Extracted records
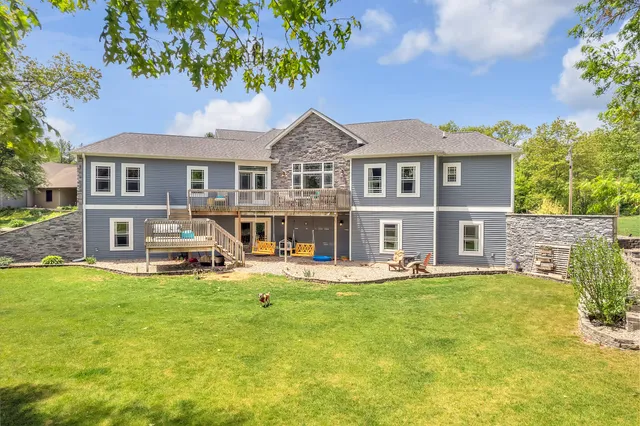 an aerial view of residential houses with outdoor space and lake view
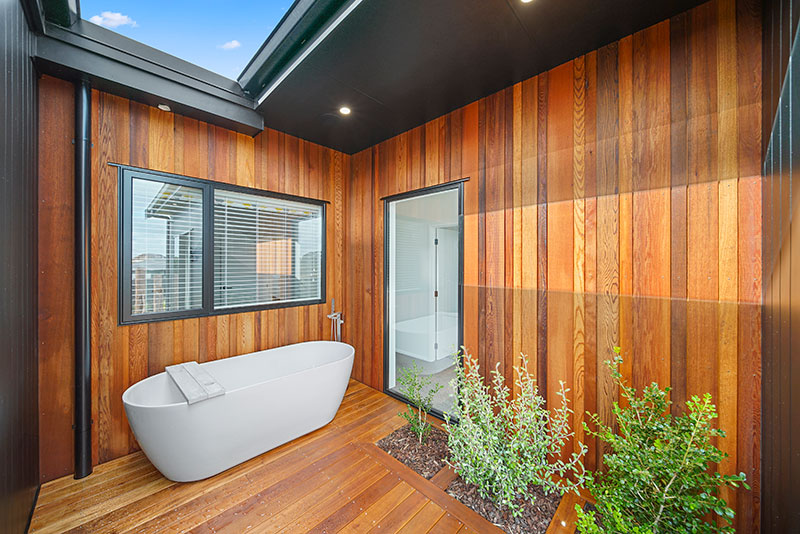 Stunning outdoor bath on deck at Paerata Rise Showhome. Cedar cladding and in deck planted shrubs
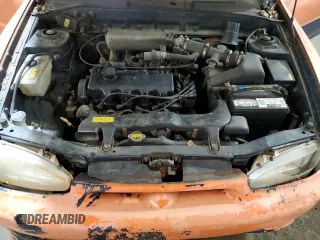 1997 Hyundai Accent z VIN KMHVD14NXVU221266, wystawiony jako Copart lot #86383044 z przebiegiem 159 517 mil mil oraz Szkody całkowita. Historia ofert i sprzedaży dostępna na DreamBid. Obrazek 11.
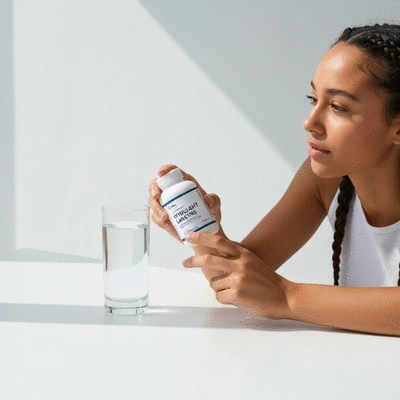 Person holding a bottle of stimulant laxatives with a glass of water on a clean background, no text, no words, no typography, clean image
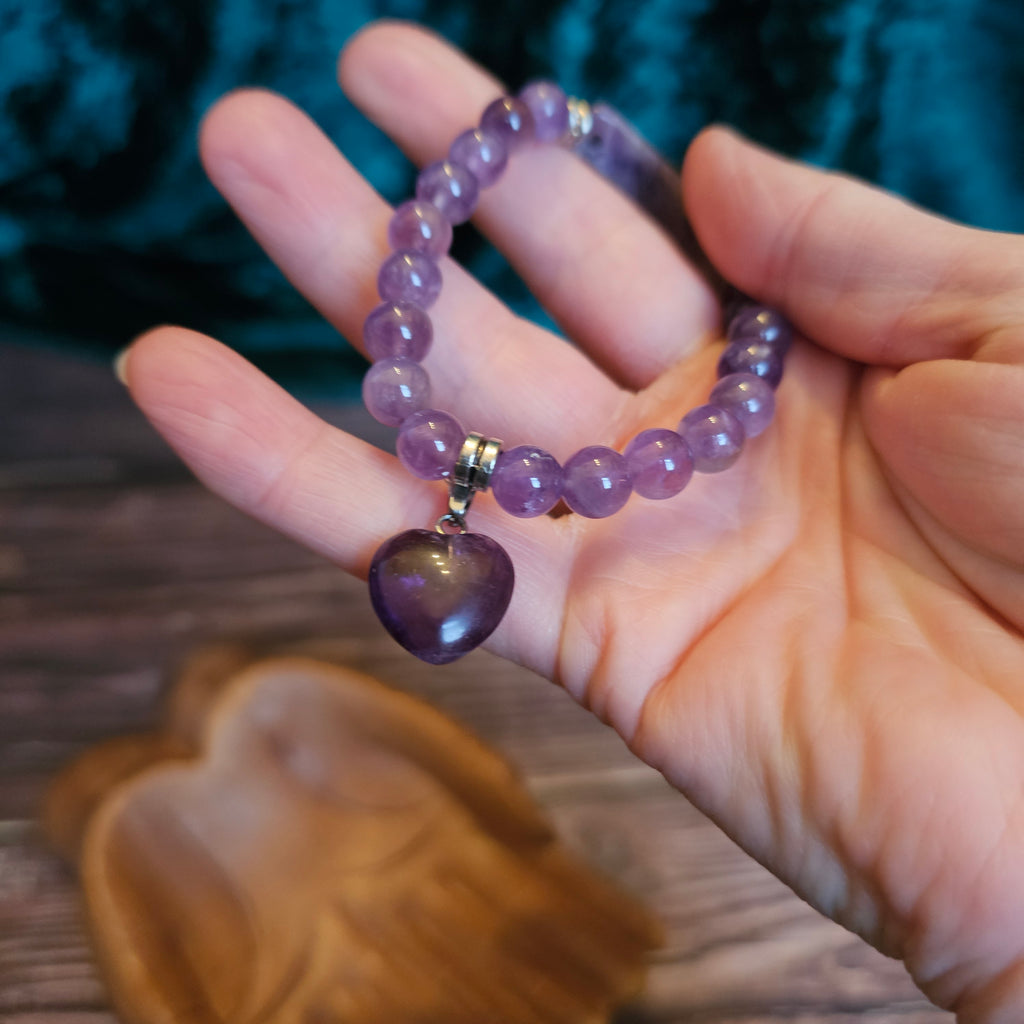 A hand holding a purple amethyst bead bracelet with a heart-shaped bead and bar quartz accents.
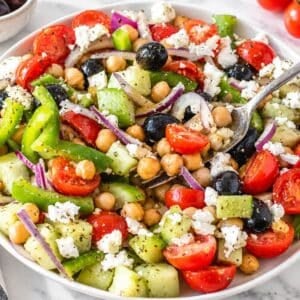 Fresh Greek chickpea salad with feta, olives, vegetables, and oregano dressing.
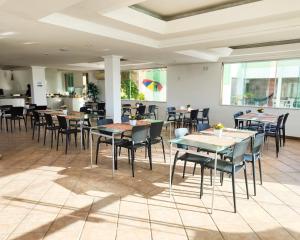 a restaurant with tables and chairs in a room at Casamar Pousada in Paulista
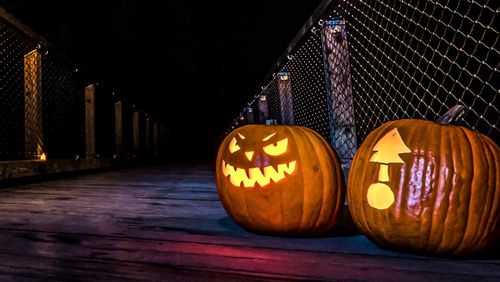 Two glowing carved pumpkins, one scary and one with a tree, sit on a dark wooden walkway at night.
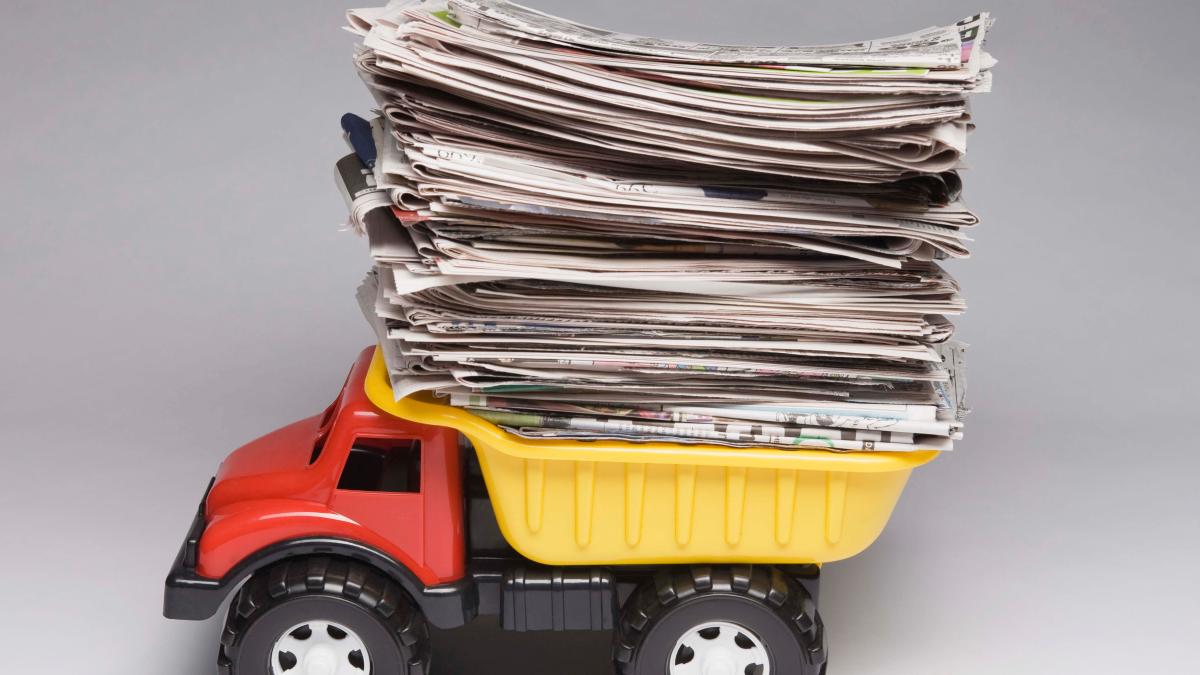 toy-dump-truck-with-stack-of-newspapers-2285980_69697600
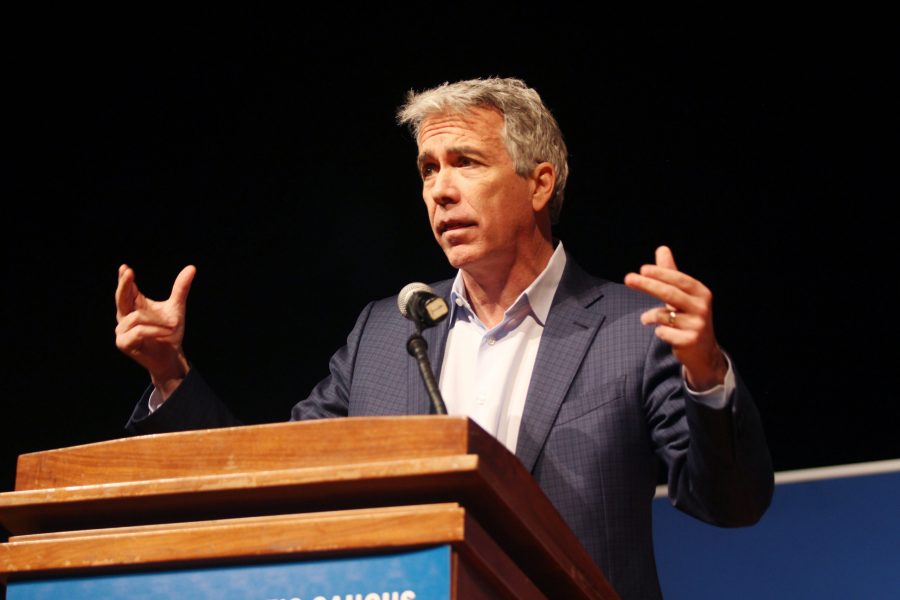 Former US Representative Joe Walsh and Republican candidate addresses a question from the panel at The Peoples Caucus forum for presidential candidates on Sunday, January 12 at Davenport North High School. Photo by Kevin Donovan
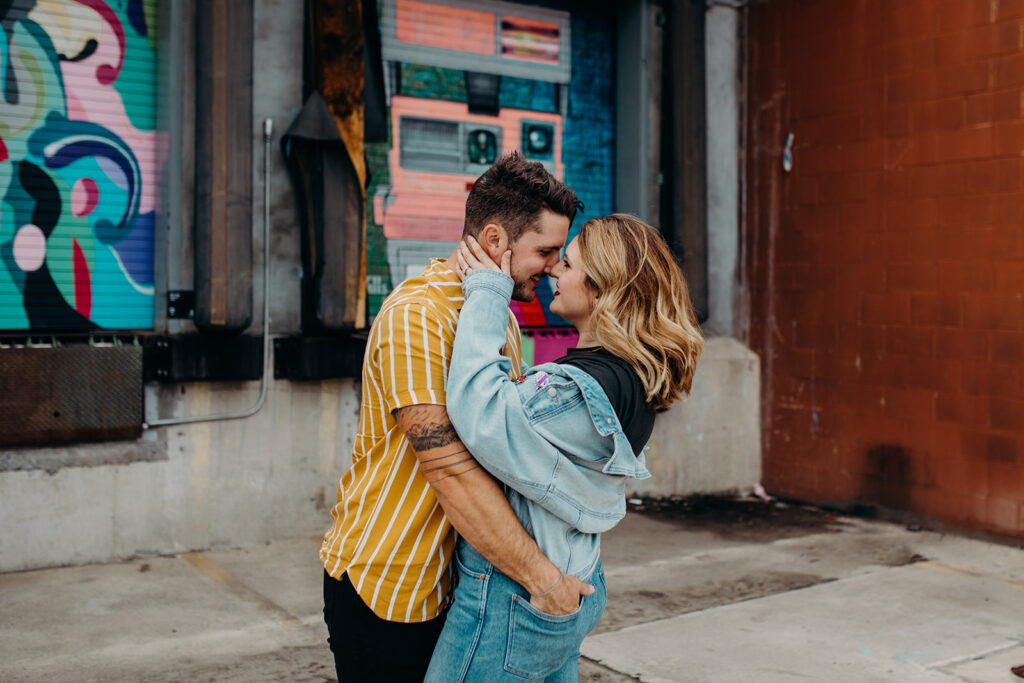 couple kissing in front of murals at Camp North End in Charlotte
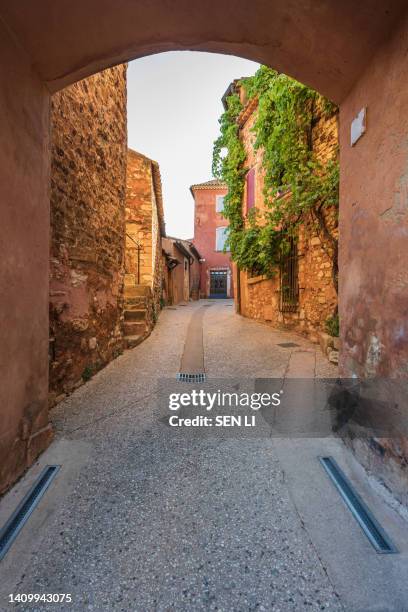 street view of the small town of roussillon, the red clay city in provence, south france - vaucluse stock pictures, royalty-free photos & images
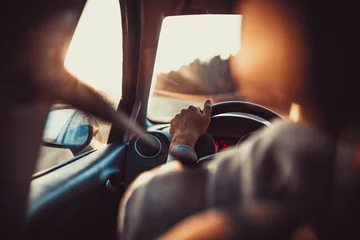 Foto op Canvas Man driving car, hand on steering wheel, looking at the road ahead,sunset. © BalanceFormCreative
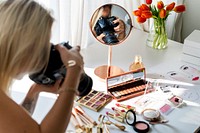 Beauty blogger taking photo of cosmetics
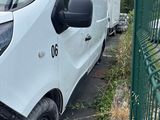 a white van that is parked on the side of the road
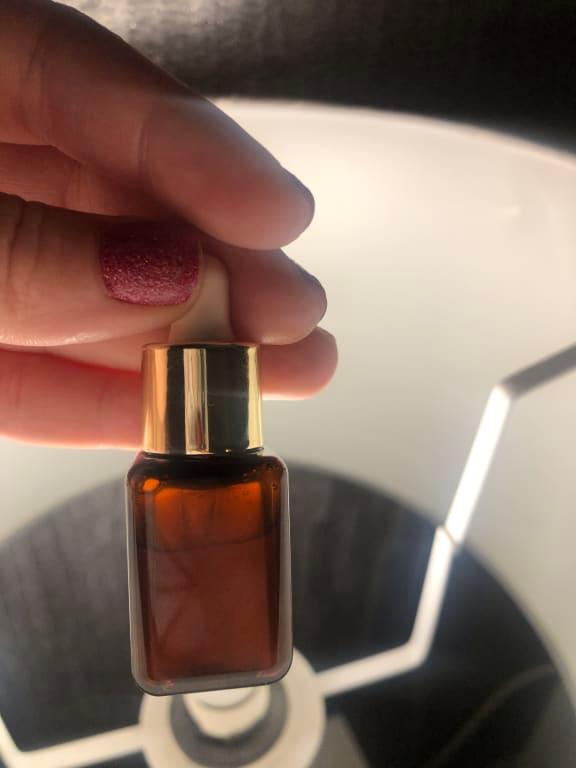 Tried not to tilt too much to show amount through glass with light.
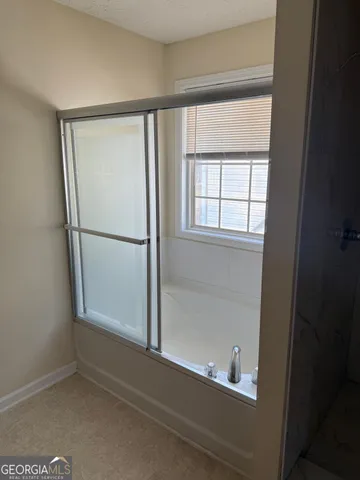 a bathroom with a bathtub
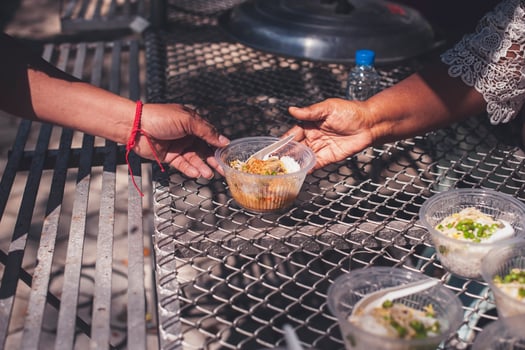 Volunteers are helping to give free food to the hungry homeless. food service and food donation concept photo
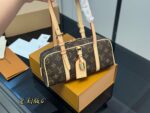 Louis Vuitton Hangon Bowling Bag: Compact Yet Surprisingly Spacious. - Image 5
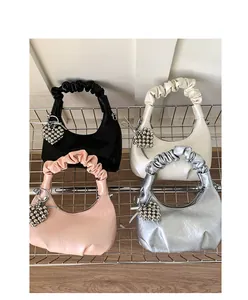 Detail of four cloud-pleated handbags with metallic heart charms in multiple colors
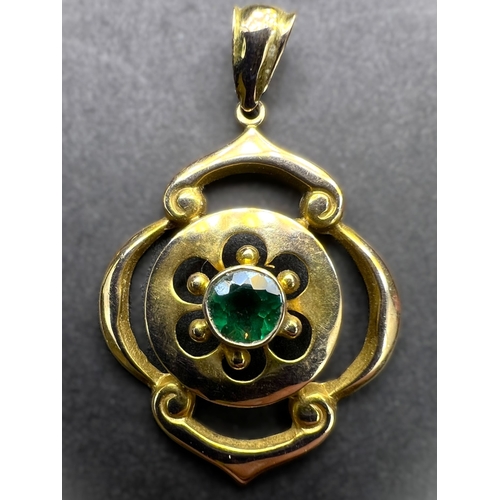 700 - An Edwardian 9ct gold pendent set with green stone, possibly tourmaline.  1.6gms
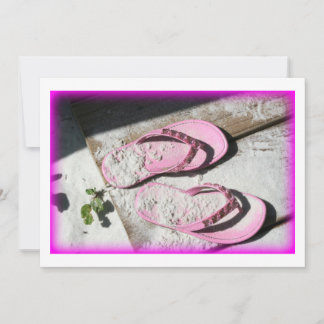 Pink sandy flip flop sandals on Florida beach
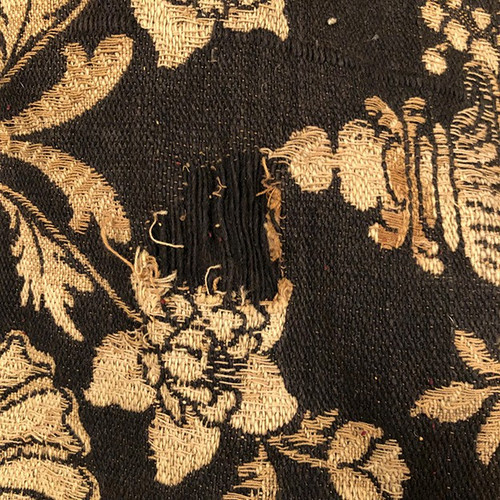 Antique tapestry or table cloth on a black background with rich decorations of Medici vases and flowers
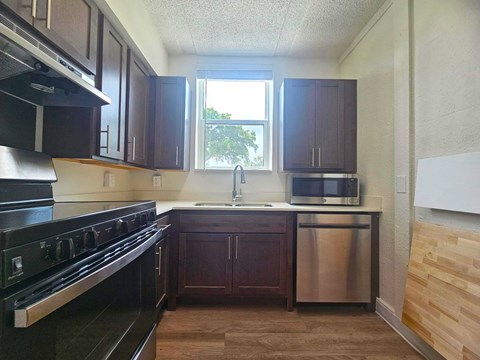 A kitchen with dark wood cabinets and a black stove top oven.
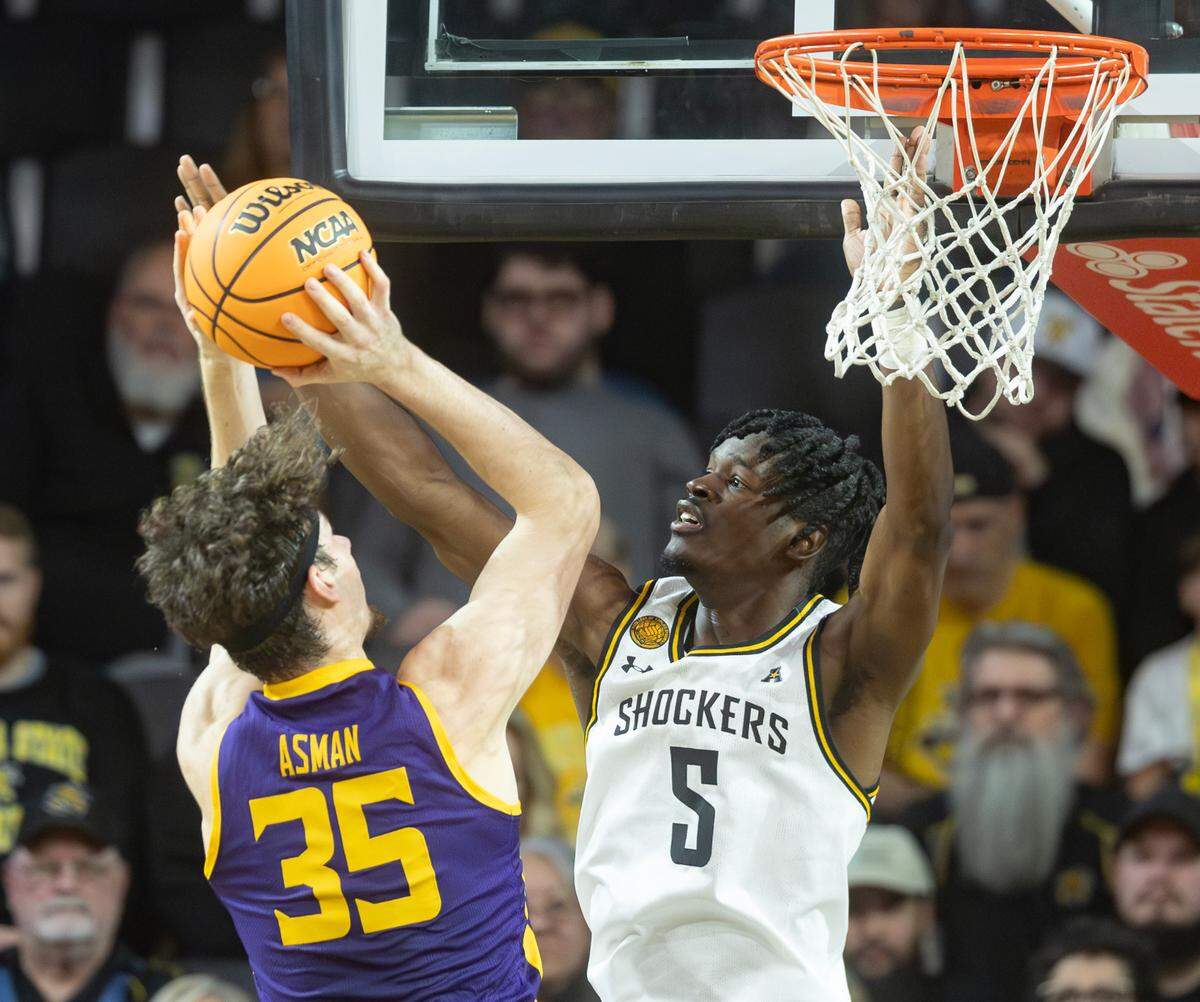 Wichita State’s Isaac Abidde defends Lipscomb’s Grant Asman during the first half of their season opener on Monday night at Koch Arena.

## Work required
In the records above, find the line with "Louis Vuitton Hangon". Print exactly from there through the line with "Antique tapestry or", minus the pictures.

## Output for this task
 Louis Vuitton Hangon Bowling Bag: Compact Yet Surprisingly Spacious. - Image 5
 Detail of four cloud-pleated handbags with metallic heart charms in multiple colors
 700 - An Edwardian 9ct gold pendent set with green stone, possibly tourmaline.  1.6gms
 Pink sandy flip flop sandals on Florida beach
 Antique tapestry or table cloth on a black background with rich decorations of Medici vases and flowers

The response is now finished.